改変された参照ペプチド又は非改変参照ペプチドを分析するのに任意の質量分析計を使用してよい。質量分析計の非限定的な例に、マトリックス支援レーザ脱着/イオン化(matrix-assisted laser desorption/ionization、「MALDI」)飛行時間(time-of-flight、「TOF」)質量分析計MS又はMALDI−TOF−MS(PerSeptive Biosystems, Framingham, Massachusettsから入手できる);ポストソースディケイ分析で使用するthe Ettan MALDI-TOF(AP Biotech) 及びthe Reflex III(Brucker-Daltonias, Bremen, Germany);エレクトロスプレイイオン化(ESI)イオントラップ質量分析計(Finnigan MAT, San Jose, Californiaから入手できる);ESI 4極質量分析計(Finnigan MATから入手できる)又はGSTAR Pulsar Hybrid LC/MS/MSシステム(Applied Biosystems Group, Foster City, California)及び内部校正手順(O' Connor and Costello, 2000)を使用したフーリエ変換質量分析計(FTMS)が含まれる。

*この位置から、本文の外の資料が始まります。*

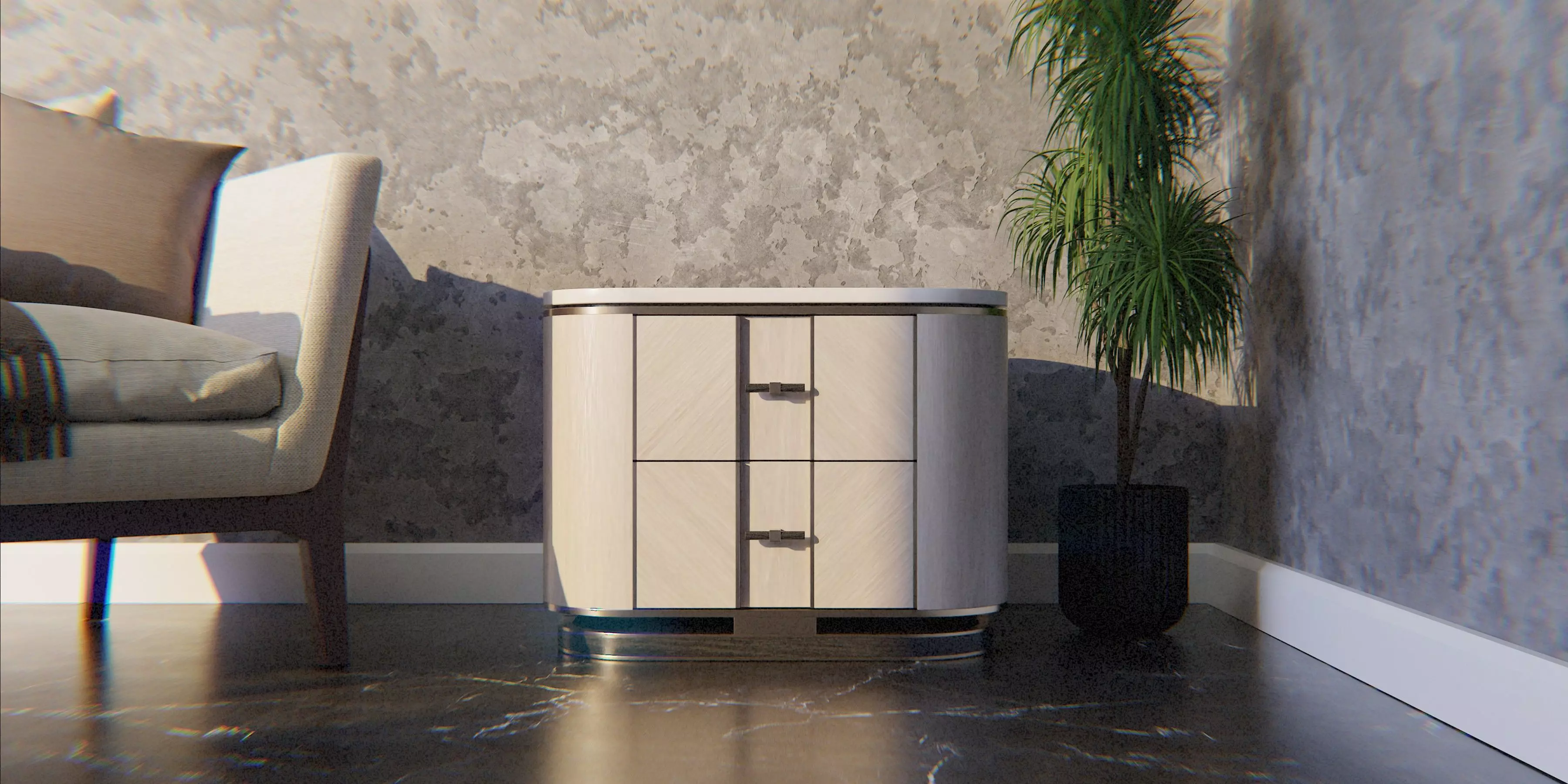 Easy 3D Product Visualization Studio 3D model_1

本発明で使用される、参照ペプチドの実験による質量スペクトルをペプチド質量のデータベース及び対応するペプチドと比較するためのタンパク質同定ソフトウエアは、当該技術において入手できる。このようなアルゴリズムの1つであるProFoundは、タンパク質を検索するのにBayesianアルゴリズムを使用するか、又は実験データとデータベースにあるタンパク質の最適な適合を同定するのにDNAデータベースを使用する。ProFoundにはhttp://prowl.rockefeller.edu及びhttp://www.proteometrics.comにあるワールドワイドウエブからアクセスできる。Profoundはnrデータベース(NR)にアクセスする。タンパク質の検索には、EMBLウエブサイトからアクセスできる。さらにChaurand P.ら. (1999) J. Am. Soc. Mass. Spectrom 10, 91, Patterson S.D., (2000), Am. Physiol. Soc., 59-65, Yates JR (1998) Electrophoresis, 19, 893)も参照されたい。MS/MSスペクトルはMASCOT(http://www/matrixscience.com,Matrix Science Ltd. London)でも分析できる。他の好ましい態様において、単離された改変された参照ペプチド又は単離された非改変参照ペプチドは質量分析計で個々に断片化を行なう。このようにペプチドの質量に関する情報は、改変された参照ペプチド又は非改変参照ペプチドに関する(部分)配列データでさらに補足される。この組み合わせ情報をペプチド質量及びペプチド及びタンパク質配列データベースにある情報と比較すると、改変された参照ペプチド又は非改変参照ペプチドを同定できる。1つのアプローチにおいて、改変された参照ペプチド又は非改変参照ペプチドの断片化は衝突誘起解離(CID)によって最も都合よく行なわれ、一般にMS2又はタンデム質量分析法と呼ばれる。代替法として、改変されたペプチドイオン又は非改変ペプチドイオンは、MALDI−TOF−MSで揮発し、イオン化された後、飛行の間に崩壊することがある。この方法はポストソースディケイ(PSD)と呼ばれる。このような質量分析アプローチの1つにおいて、選択された改変された参照ペプチド又は選択された非改変参照ペプチドは、エレクトロスプレイ質量分析計のイオン源に直接的又は間接的に転送され、MS/MSモードでさらに断片化される。このように1つの態様において、改変された参照ペプチド又は非改変参照ペプチドの部分配列情報はMSn(nは、2より大きいか又は等しいと理解されたい)断片化スペクトルから収集され、本明細書に記載の配列データベースにおいてペプチドの同定に使用される。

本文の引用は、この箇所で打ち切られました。